In [None]:
%load_ext autoreload
%autoreload 2

from __future__ import annotations

import os

os.environ['USE_PYGEOS'] = '0'  # remove geopandas warnings

import holoviews as hv
import numpy as np
import numpy_indexed as npi
import pandas as pd
import xarray as xr

hv.extension("bokeh")

## Subsetting an unstructured mesh using a BBox 

In unstructured meshes the `longitude` and `latitude` are data variables instead of dimensions.
This means that filtering/subsetting a mesh using a Bounding Box (BBox) is somewhat more challenging.
Nevertheless it is still possible to do it using `numpy` and `xarray`.

This notebook describes how to achieve this.

For convenience, we are going to use an ADCIRC netcdf file which has been converted to the "Thalassa schema".

We will also need an additional library which the following cell will take care of importing.

In [None]:
try:
    import numpy_indexed
except ImportError:
    %pip install numpy_indexed
    

### Sample file

As an example let's download a netcdf file containing the output of an ADCIRC model.

The file will be saved at `/tmp/fort.63.nc`:

In [None]:
%%bash
pushd /tmp
wget --quiet https://github.com/ec-jrc/Thalassa/files/10867068/fort.63.zip 
unzip -o fort.63.zip
popd

Let's load the file and convert it to the thalassa schema.

In [None]:
from thalassa import api

filename = "/tmp/fort.63.nc"
ds = api.open_dataset(filename)
ds

As we can see the model has 3070 nodes and 5780 trifaces (i.e. triangles)

Note: The reason why the thalassa schema defines `triface` is because `face` might be referring to quad elements, too (in Schism models). `triface` always refers to triangles.
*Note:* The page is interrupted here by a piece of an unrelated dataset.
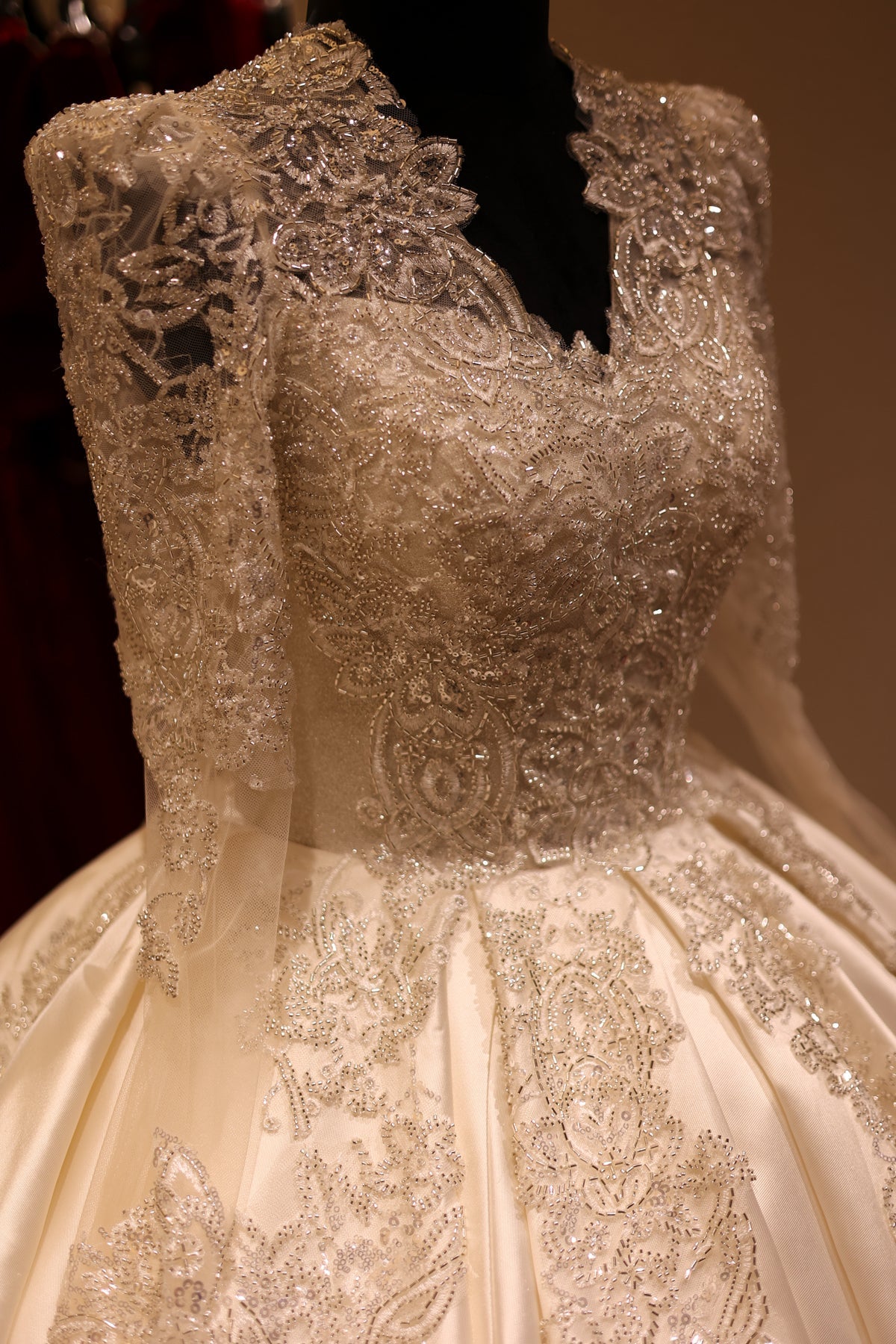 Luxury Crystal Satin Long Sleeve Ball Gown Wedding Dress RS028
Now let's define the function that does the filtering by BBox

In [None]:
def filter_thalassa_by_bbox(
    ds: xr.Dataset,
    lon_min: float,
    lon_max: float,
    lat_min: float,
    lat_max: float
) -> xr.Dataset:
    indices_of_nodes_in_bbox = np.where(
        True 
        & (ds.lat >= lat_min)
        & (ds.lat <= lat_max) 
        & (ds.lon >= lon_min) 
        & (ds.lon <= lon_max)
    )[0]
    indices_of_triface_nodes_in_bbox = np.where(
        ds.triface_nodes.isin(indices_of_nodes_in_bbox).all(axis=1)
    )[0]
    ds = ds.isel(node=indices_of_nodes_in_bbox, triface=indices_of_triface_nodes_in_bbox)
    remapped_nodes = np.arange(len(indices_of_nodes_in_bbox))
    remapped_triface_nodes = np.c_[
        npi.remap(ds.triface_nodes[:,0], indices_of_nodes_in_bbox, remapped_nodes),
        npi.remap(ds.triface_nodes[:,1], indices_of_nodes_in_bbox, remapped_nodes),
        npi.remap(ds.triface_nodes[:,2], indices_of_nodes_in_bbox, remapped_nodes),
    ]
    ds["triface_nodes"] = (("triface", "three"), remapped_triface_nodes)
    return ds

Let's see it in action!

The original Dataset depicts the Hampton port/Bay. 
The BBox we used centers in the inner harbor area. 

`fds` is the filtered Dataset and as we can see it only contains 798 nodes and 1325 trifaces

In [None]:
fds = filter_thalassa_by_bbox(
    ds=ds,
    lon_min=-72.6,
    lon_max=-72.4,
    lat_min=40.8,
    lat_max=41.0,
)

ds.dims
fds.dims

Let's use `thalassa` to visualize the difference:

In [None]:
trimesh = api.create_trimesh(
    ds=ds,
    variable="zeta",
    timestamp="max",
    layer=None,
)

In [None]:
dmap = api.get_tiles() * api.get_raster(trimesh=trimesh) #* api.get_wireframe(trimesh=trimesh)
dmap.opts(width=600, title="Full dataset")

In [None]:
ftrimesh = api.create_trimesh(
    ds=fds,
    variable="zeta",
    timestamp="max",
    layer=None,
)
dmap = api.get_tiles() * api.get_raster(trimesh=ftrimesh) * api.get_wireframe(trimesh=ftrimesh)
dmap.opts(width=600, title="Filtered Dataset")

### Further development

It should not be too difficult to extend/modify the function so that: 

1. it supports different Dataset schemas (e.g. vanilla ADCIRC, vanilla SCHISM) but this is left as an exercise to the reader.
2. it filters using a vector object (e.g. a shapefile) instead of a simple BBox.